And then combine that with the audit log, you can see if those secrets were leaked and are being used. But when you revoke a secret in Vault, it actually revokes the secret in the underlying system. So those credentials are no longer valid.

i think that that’s definitely one worth um pointing out the the the thing that you mentioned that it’s um revoking secrets in the underlying system that’s according to the documentation because i haven’t used vault yet so this is highly theoretical for me let’s say you’re using a mysql or a postgresql in vault there are root credentials to manage mysql and postgresql And you could have Vault generate new username and new password on its own and expire that from the database system on its own. And neither the developer nor the sysadmin even know which credentials are being used to communicate to the database. That’s an insane use case, I think.

It’s a really powerful one that sort of manages to get away with how a sysadmin would give the credentials to a developer.

Yeah, and you can have an application request those credentials, meaning a human never actually sees what those credentials are, and they only exist in memory for short periods of time. The other thing I do want to point out there, because I think it’s one of the coolest pieces of Vault, is that where possible, Vault actually uses the system’s underlying functionality to expire those secrets as well. So in Postgres, when you create a user, there’s a clause you can pass called a valid until.

And that accepts a timestamp. And in Vault, what you can do is whenever you create the user, Vault will tell Postgres that this user is valid until a certain date, and that date corresponds to Vault’s lease. Then if a skilled attacker or anything takes Vault offline, even if Vault is unable to make the SQL call to revoke those credentials, the underlying system, Postgres in this case, will revoke those credentials automatically.

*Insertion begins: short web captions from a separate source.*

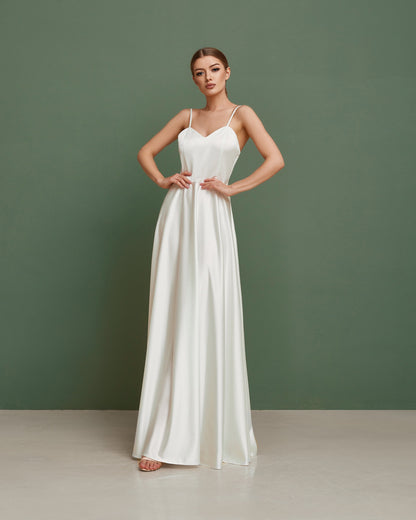 A Line wedding dress, simple wedding dress, satin wedding dress, casual wedding dress, minimalist wedding dress, modest boho wedding dress
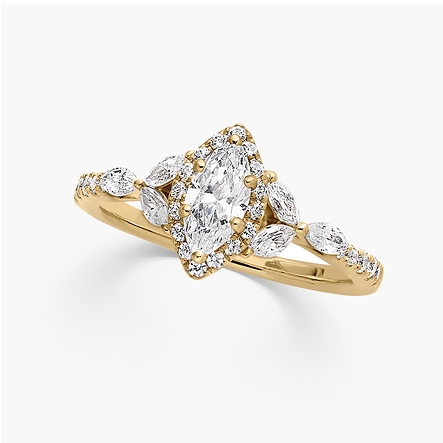 Signature collection marquise shaped yellow gold diamond engagement ring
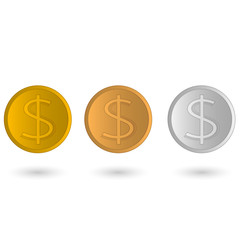 bronze, gold and silver dollar, set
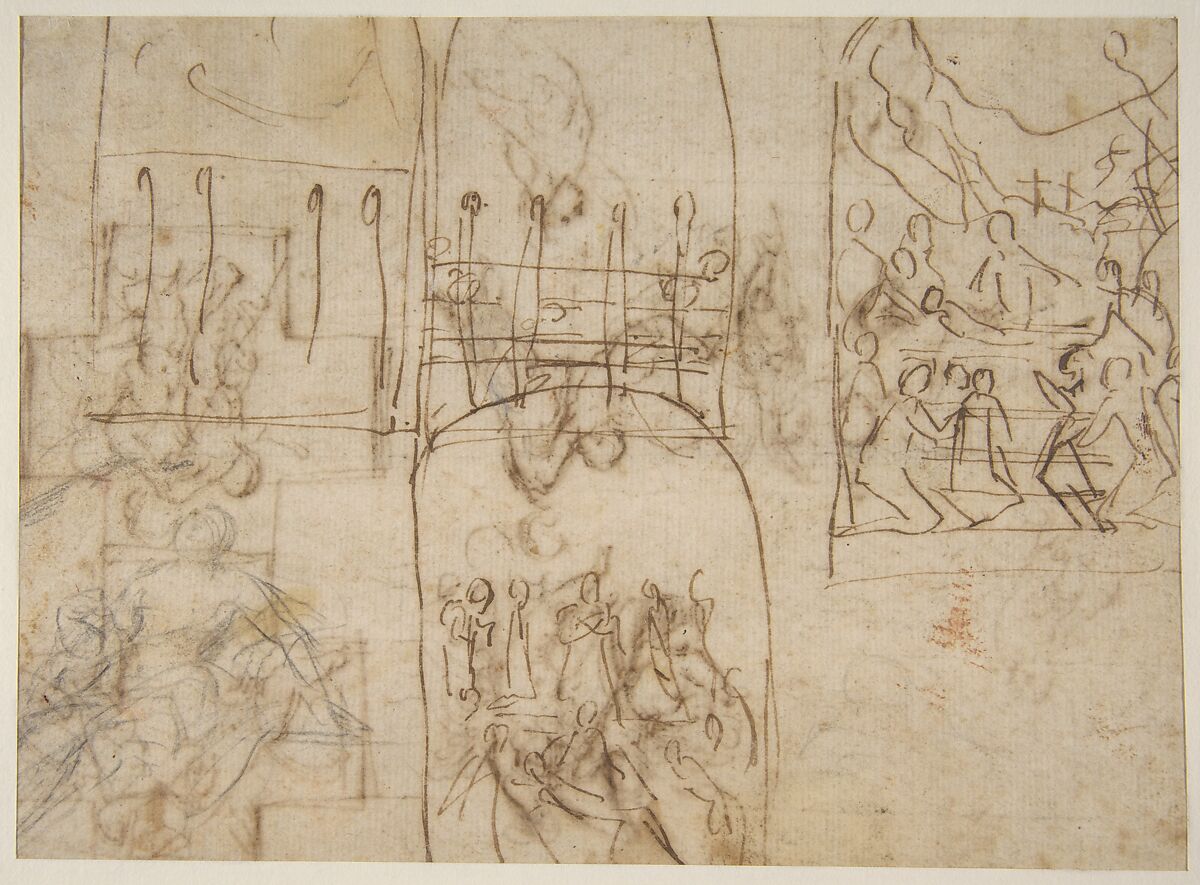 Studies of Flying Putti (recto); Composition Studies (verso), Guido Reni (Italian, Bologna 1575–1642 Bologna), Pen and brown ink (recto); pen and brown ink; female figure at lower left in black chalk (verso)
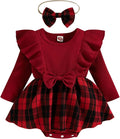 Giraropa Baby Girl Fall Winter Clothes Long Sleeve Romper Dress + Socks + Headband Newborn Infant Cute Casual Outfits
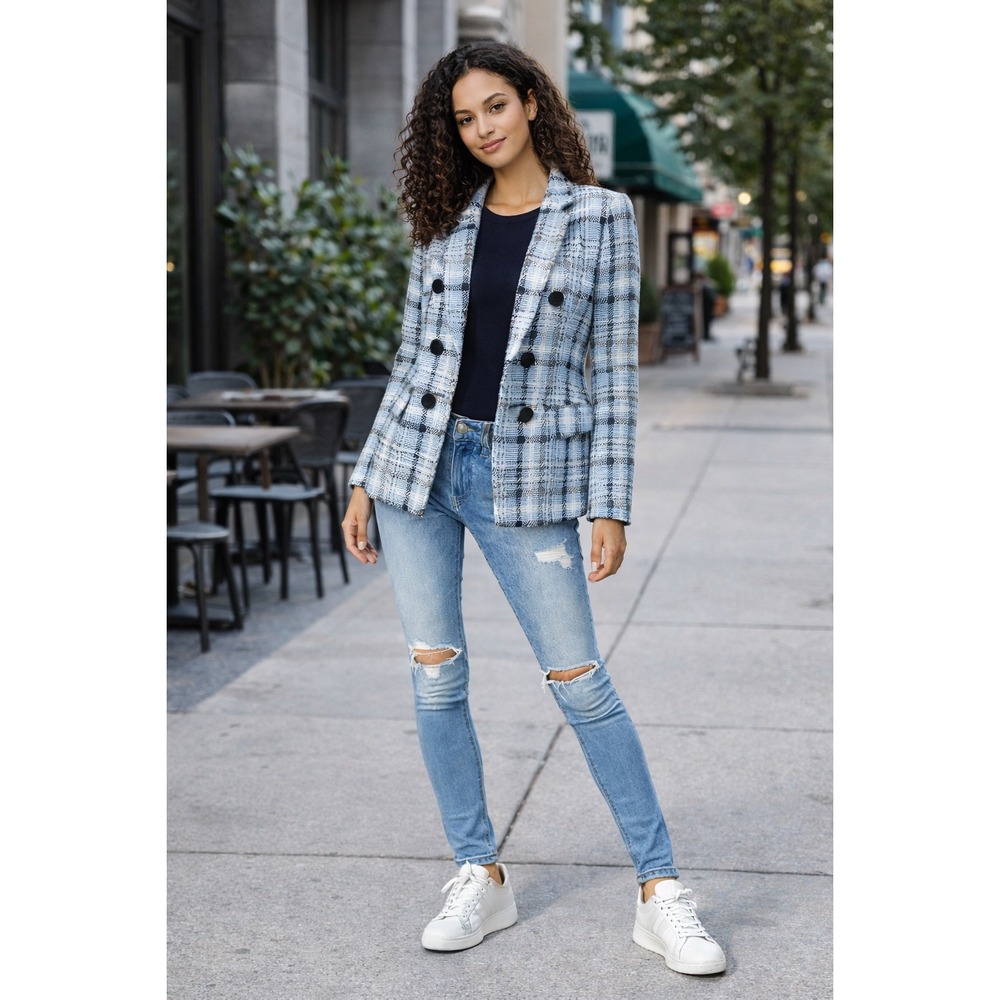 Jones New York Plaid Double Breasted Blazer Light Blue Black White Jacket PL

So we do our best to make sure that the system is highly distributed and highly available. But then we also rely on the underlying system themselves to kind of double check our work.

Not as many as you would like. We’ve requested it a few times. The one that we really would like to see added is Amazon’s IAM credentials.

There’s currently no way to say that a credential expires in the future, and that would be really useful. That’s a thing that has been requested outside of Vault’s community. Vault will make the API call to revoke a credential after the TTL, but it’s something that we would like to see those credentials auto-expire from Amazon in the future.

Okay, a practical question then. If you’re an organization that’s working on a single large project that you want to put out, it probably makes sense to have one or multiple, for redundancy reasons, vault instances running to manage that application. Let’s say you are a web development shop and you manage 10 very large projects.

Would you run them all in the same vault instance or would you have a single vault instance per project that you manage for your clients?

I think that’s difficult. It depends on the separation of concerns there. Depending on the clients, I would say you would run a vault cluster for each application if they’re truly separate isolations.

I view it as if this application, one client’s application, should never have any communication with another client’s application, then… I consider those to be separate data centers and therefore should have their own clusters, their own networking, their own everything. I understand that if you’re running a VPC, for example, that might not be an ideal scenario, so I would run potentially a names-based vault server.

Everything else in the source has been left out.